Originally posted by Bobo
1. Provirin is 1-methylated DHT and reacts in the same fashion. Should of said 1-methylated DHT levels. The control mechanism keeps it from reaching supraphysiological levels and the rest is converted back to 3-alpha until DHT levels are low enough for it to get converted back to 1-methylated DHT.
Do you have a reference for this? I'm pretty sure any self-regulation of DHT levels (at least when supraphysiological amounts are involved) will come from shutting down test production.
2. PA doesn't know but also agrees its probably instataneous. I've seen him post that somewhere but this is also speculated by others.
I've seen him speculate the other way so this is pretty much a wash. I had a similiar discussion with him on 4AD over at bb.com
3. Well its more similar to Test than D-bol but D-bol still aromatizes into E2 and 17 Methyl E2 along with methyltest. I didn't say it was a derivative but its reacts in the same way AS test derivatives. If it reacts in the same fashion in terms of side effects, then its a good assumption, if what is happening is unknown. Like you said, the side effects suggest something else is going on. If its estrogen related, this could be it.
Could be, but this is a shot in the dark. Again, we know what it does convert to -- most effects probably come from conversion to test and possibly 4dione
4. With most of the PH absorbed within the first hour and the rest hours after that, saturation doesn't really play much of an issue IMO. Plus if conversion is instantaneous like most speculate, then its not an issue in my book. I'm more worried about what happens when natural levels of test are reached and what happens after that point.
I'm curious as how you can say this. Transdermals deliver a constant flow, which means once levels are saturated -- they stay saturated. There is a finite amount of 3bHSD in your body; once it's occupied no more 4AD will convert.

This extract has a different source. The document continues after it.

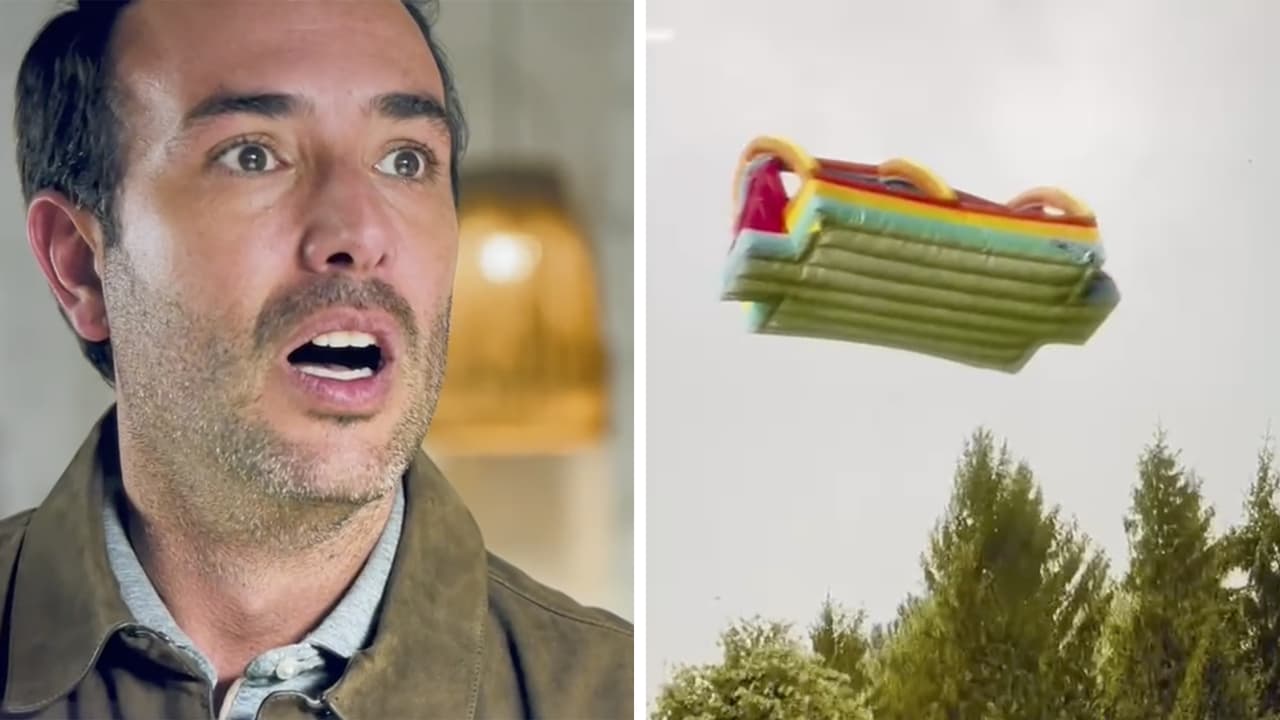 'Accidente': ¿Es verdad que un juego inflable puede salir volando si hay mucho viento?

Also, what's the obsession with natural levels of test and DHT? You're suppressing test production almost immediately, whether you go past natural levels or not (at least in the examples we're discussing)
"Mesterolone is an orally active, 1-methylated DHT. Like Masteron, but then actually delivered in an oral fashion. DHT is the conversion product of testosterone at the 5-alpha-reductase enzyme, the result being a hormone that is 3 to 4 times as androgenic and is structurally incapable of forming estrogen. One would imagine then that mesterolone would be a perfect drug to enhance strength and add small but completely lean gains to the frame. Unfortunately there is a control mechanism for DHT in the human body. When levels get too high, the 3alpha hydroxysteroid dehydrogenase enzyme converts it to a mostly inactive compound known as 3-alpha (5-alpha-androstan-3alpha,17beta-diol), a prohormone if you will. It can equally convert back to DHT by way of the same enzyme when low levels of DHT are detected."
1. PA is not the only one. Many discussion over at CEM speculate the same thing so I don't personall think its a wash. Thats your opinion.
2. I don't think its a shot in the dark. I think its a wise assumption since the majority of the side effects are similar and its a precursor to test anyway. Its theorizing based on available data.
3. I think the conversion is instantaneous or happens in a very short amount of time. If we were to follow your theory once that number is reached, no more 4AD will ever convert. I think once the convreion is made, the enzyme is free to convert more. The limiting factor is the amount being absorbed and with a trans its more of a controlled slower delivery so I don't believe saturation is a big factor unless your taking insane amounts.
4. I explained my reasons about natural levels of test above and I'm not really concerned about suppression. I more concerned to what substance or what metabolites are produced when test levels hit their maximum (converison of 4AD). If 4AD ability to convert test is limited, then what substance does it convert too when those levels are reached. I think its more active or inactive metabolites which could explain the increased estrogenic side effects that most see.
Quote by PA
"Enzymes do not have to recover any more than a toll booth has to recover after the car ahead of you goes through. I would imagine also that the conversion of a steroid molecule by this enzyme happens in like a nanosecond or something like that. Boom! Its done"
"I think we have to remember that there are competing enzymes that can do other things to the hormones, so its a matter of what percentage gets to interact first with the 3beta HSD, what percentage first gets hydroxylated, what percentage first gets converted to the 17ketone by 17b-HSD, what percentage gets dumped by the kidneys before any metabolism can occur, etc etc
But if 3beta HSD were the only enzyme in the body then perhaps you would be correct.
As it stands, i think its my guess that the majority of 4diols do get converted by 3beta-HSD before they undergo any other fates."
"If it converts to testosteorne then surely you will also see formation of all metabolites of testosterone.
HOwever, there is apparently no DIRECT 5alpha reduction of 4-AD"
These are the statements I base my opinion on. Its seems conversion is rather quick, and metabolites are produced (although we don't kow which ones) . From this I also assume saturation is rather tough to do unless your taking ridiculous amounts. If your doing that, you mine ass well take the real thing.